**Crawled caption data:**
◆ ◆ ◆ ◆ ◆ ◆ ◆

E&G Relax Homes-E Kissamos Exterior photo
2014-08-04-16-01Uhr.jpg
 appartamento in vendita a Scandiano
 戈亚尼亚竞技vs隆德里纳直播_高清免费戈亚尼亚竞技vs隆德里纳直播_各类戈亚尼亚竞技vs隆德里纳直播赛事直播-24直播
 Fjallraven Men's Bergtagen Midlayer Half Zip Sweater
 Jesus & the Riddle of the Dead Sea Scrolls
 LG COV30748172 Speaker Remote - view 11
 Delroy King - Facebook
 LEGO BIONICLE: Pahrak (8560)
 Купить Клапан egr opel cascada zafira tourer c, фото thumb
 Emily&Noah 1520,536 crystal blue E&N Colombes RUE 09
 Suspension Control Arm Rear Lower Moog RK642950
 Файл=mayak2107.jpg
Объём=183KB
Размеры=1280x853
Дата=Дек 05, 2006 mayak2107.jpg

◆ ◆ ◆ ◆ ◆ ◆ ◆

**WHAT THIS TASK INVOLVES:** Copy verbatim the span of lines that begins with the line holding "Файл=mayak2107.jpg" and ends at the last line of the records.

**COMPLETED TASK:**
 Файл=mayak2107.jpg
Объём=183KB
Размеры=1280x853
Дата=Дек 05, 2006 mayak2107.jpg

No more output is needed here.